● Exercise goal
Starting with the line that has "Подержанный автомобиль Volkswagen" and finishing with the line that has "Cult-Werk, V-Rod ram air intake set. 'GT'", set down each line below exactly. Pictures are not copied.

(Records excerpted from a collection)
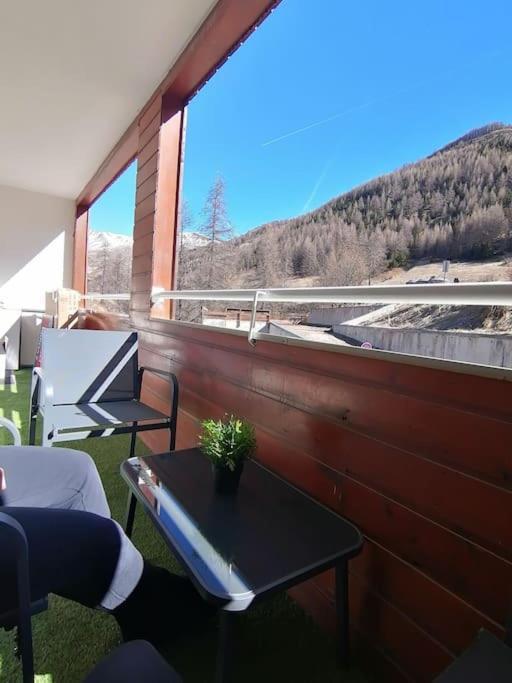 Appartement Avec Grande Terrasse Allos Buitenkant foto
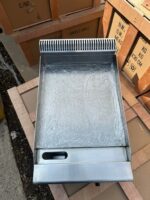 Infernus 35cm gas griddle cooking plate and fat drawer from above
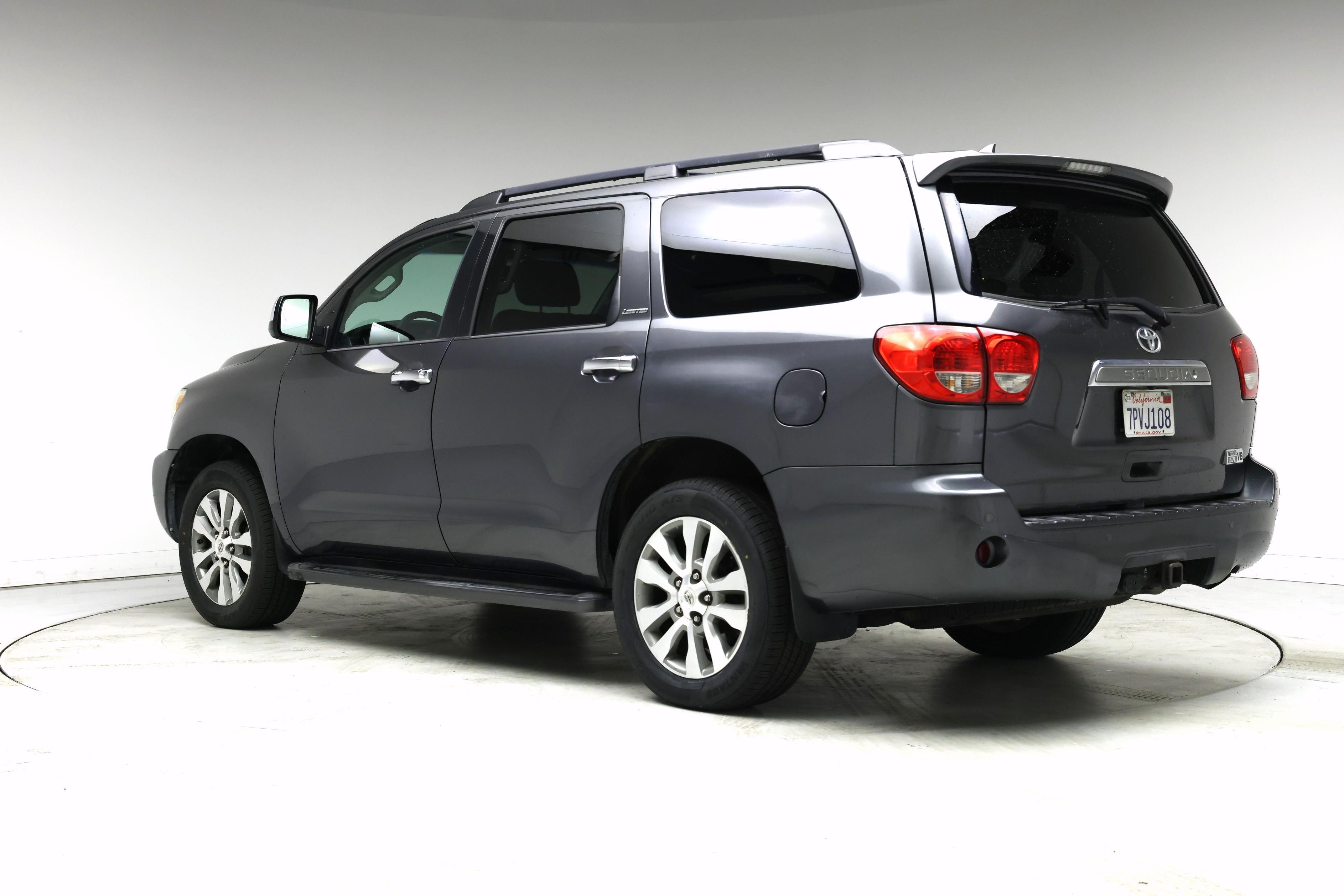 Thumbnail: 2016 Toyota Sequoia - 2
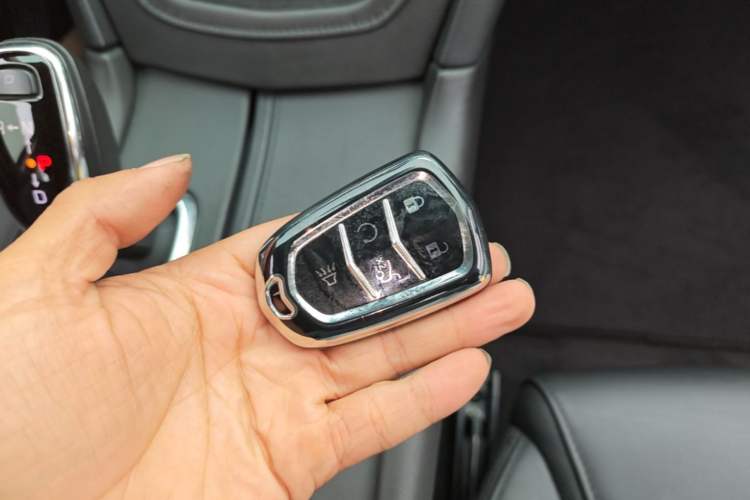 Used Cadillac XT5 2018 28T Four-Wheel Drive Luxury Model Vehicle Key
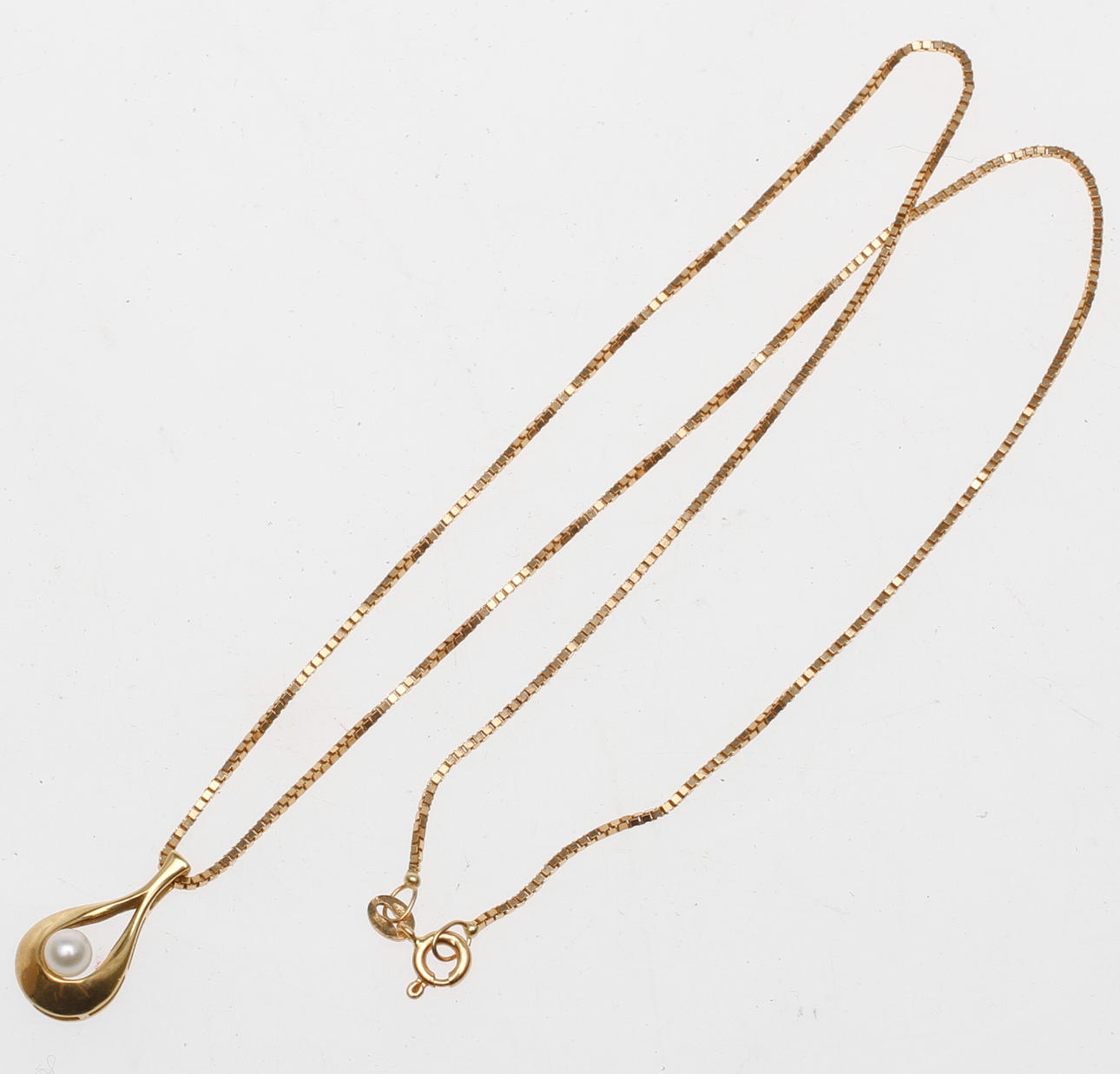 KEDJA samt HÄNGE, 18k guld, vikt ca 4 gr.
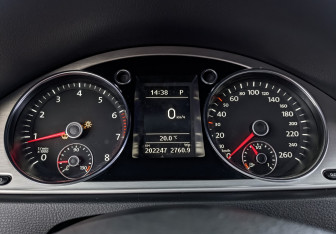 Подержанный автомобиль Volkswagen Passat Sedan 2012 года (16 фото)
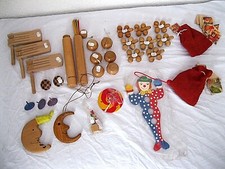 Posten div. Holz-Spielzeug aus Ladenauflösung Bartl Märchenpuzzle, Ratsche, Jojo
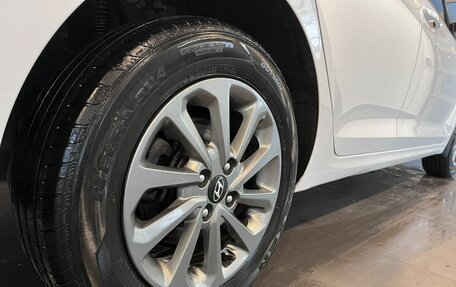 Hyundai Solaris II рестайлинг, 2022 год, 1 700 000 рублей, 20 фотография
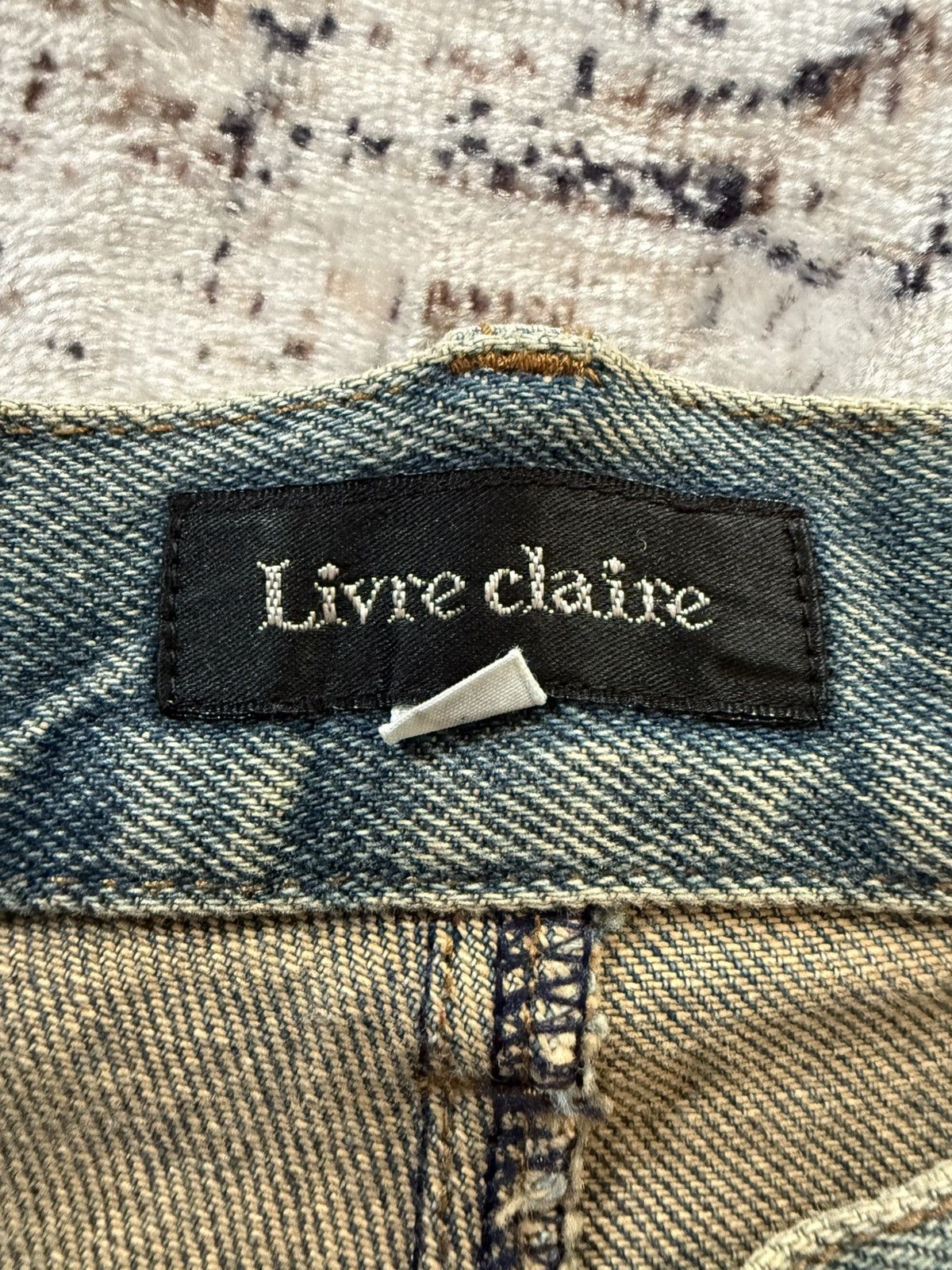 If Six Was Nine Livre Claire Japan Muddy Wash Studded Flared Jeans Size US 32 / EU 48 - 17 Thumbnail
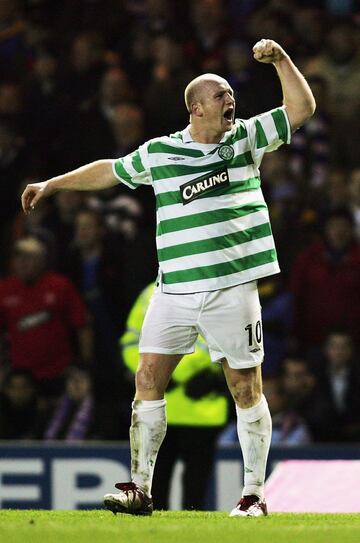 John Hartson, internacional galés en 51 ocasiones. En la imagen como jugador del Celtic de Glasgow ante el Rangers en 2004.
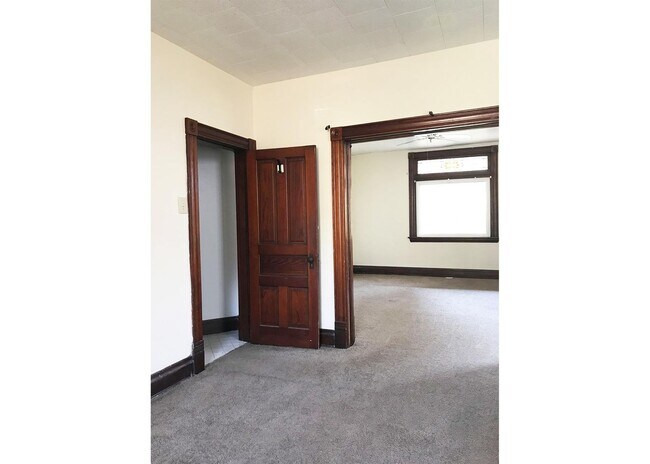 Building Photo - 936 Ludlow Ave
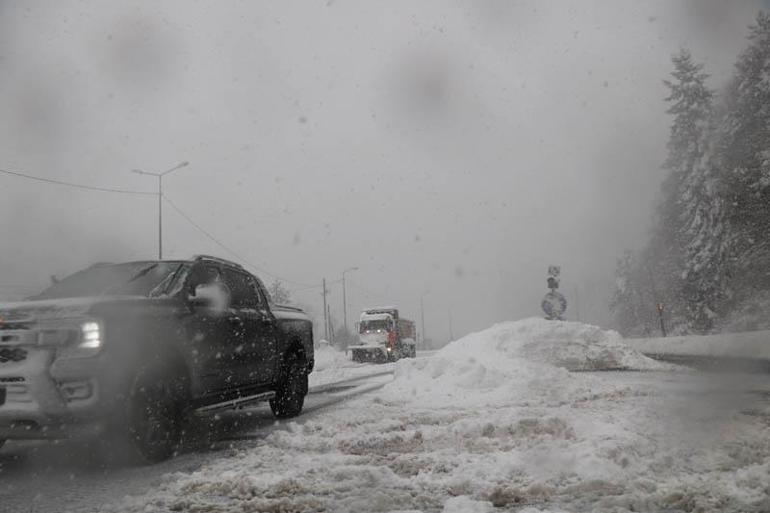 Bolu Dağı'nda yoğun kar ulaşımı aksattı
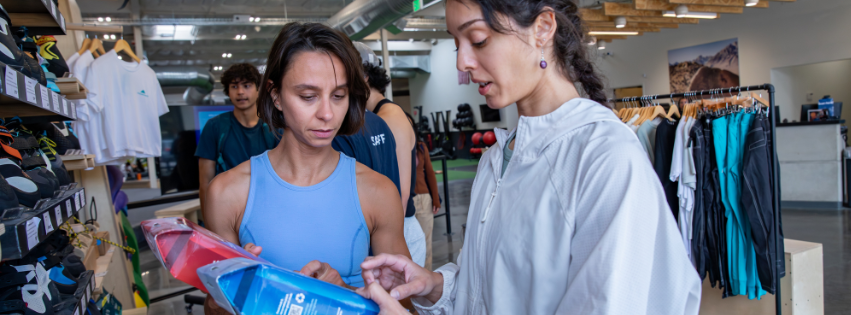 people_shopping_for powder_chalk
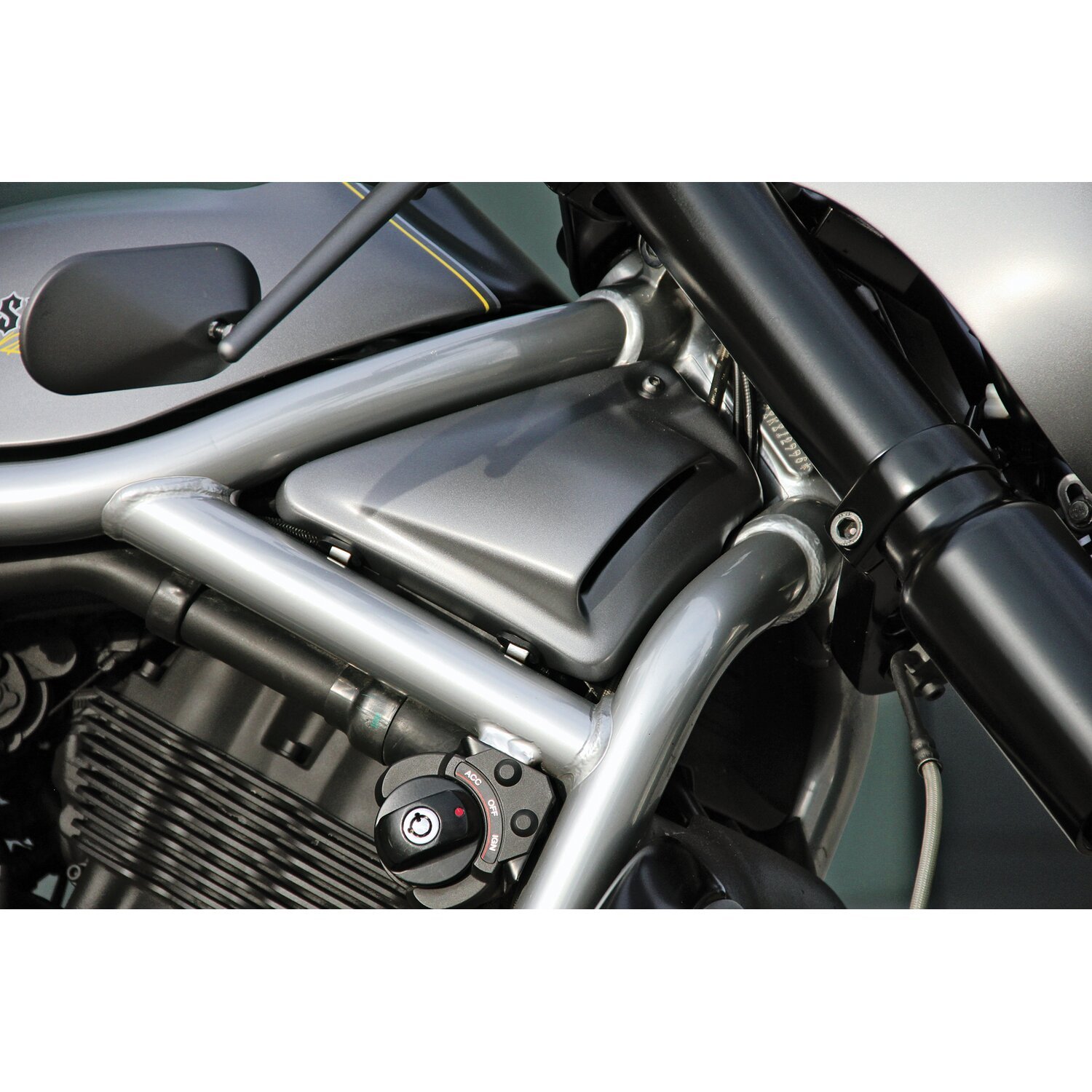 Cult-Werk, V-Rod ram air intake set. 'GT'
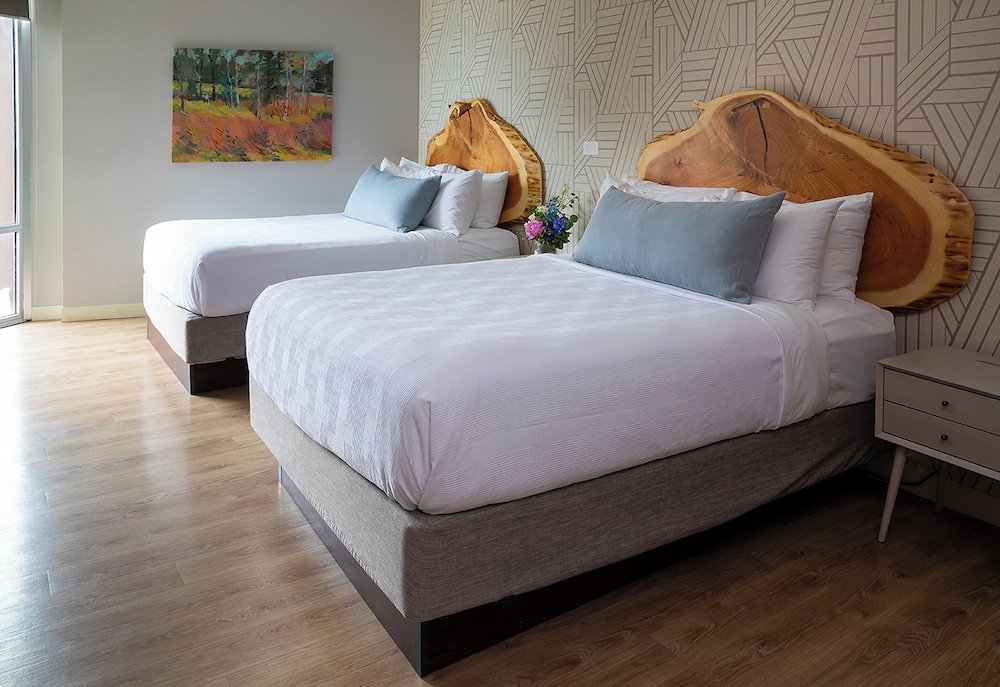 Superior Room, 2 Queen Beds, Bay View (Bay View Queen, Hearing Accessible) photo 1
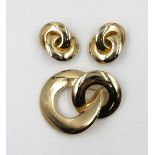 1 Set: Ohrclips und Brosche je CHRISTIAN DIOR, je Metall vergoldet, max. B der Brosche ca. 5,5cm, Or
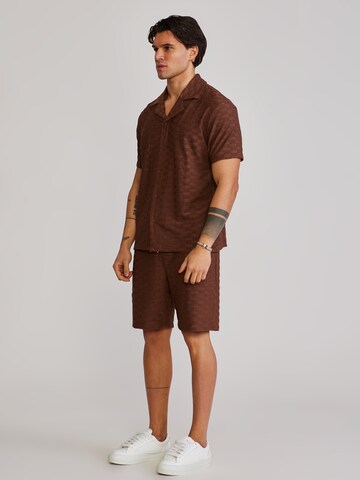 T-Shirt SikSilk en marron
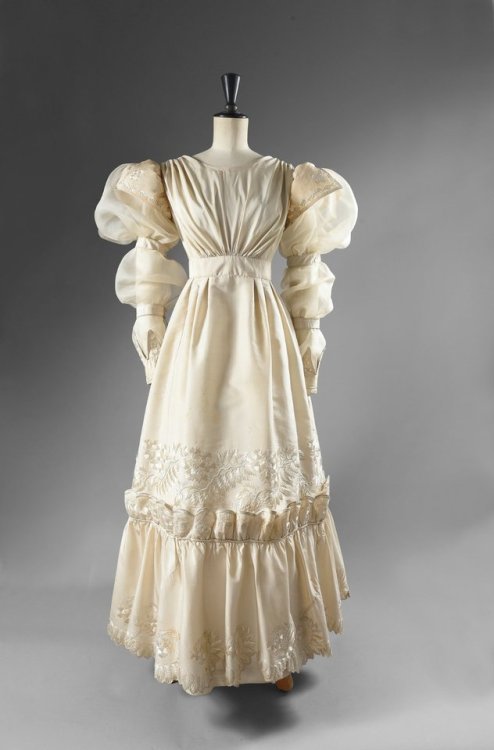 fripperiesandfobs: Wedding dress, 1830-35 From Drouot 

● Result of the exercise
 Подержанный автомобиль Volkswagen Passat Sedan 2012 года (16 фото)
 Posten div. Holz-Spielzeug aus Ladenauflösung Bartl Märchenpuzzle, Ratsche, Jojo
 Hyundai Solaris II рестайлинг, 2022 год, 1 700 000 рублей, 20 фотография
 If Six Was Nine Livre Claire Japan Muddy Wash Studded Flared Jeans Size US 32 / EU 48 - 17 Thumbnail
 John Hartson, internacional galés en 51 ocasiones. En la imagen como jugador del Celtic de Glasgow ante el Rangers en 2004.
 Building Photo - 936 Ludlow Ave
 Bolu Dağı'nda yoğun kar ulaşımı aksattı
 people_shopping_for powder_chalk
 Cult-Werk, V-Rod ram air intake set. 'GT'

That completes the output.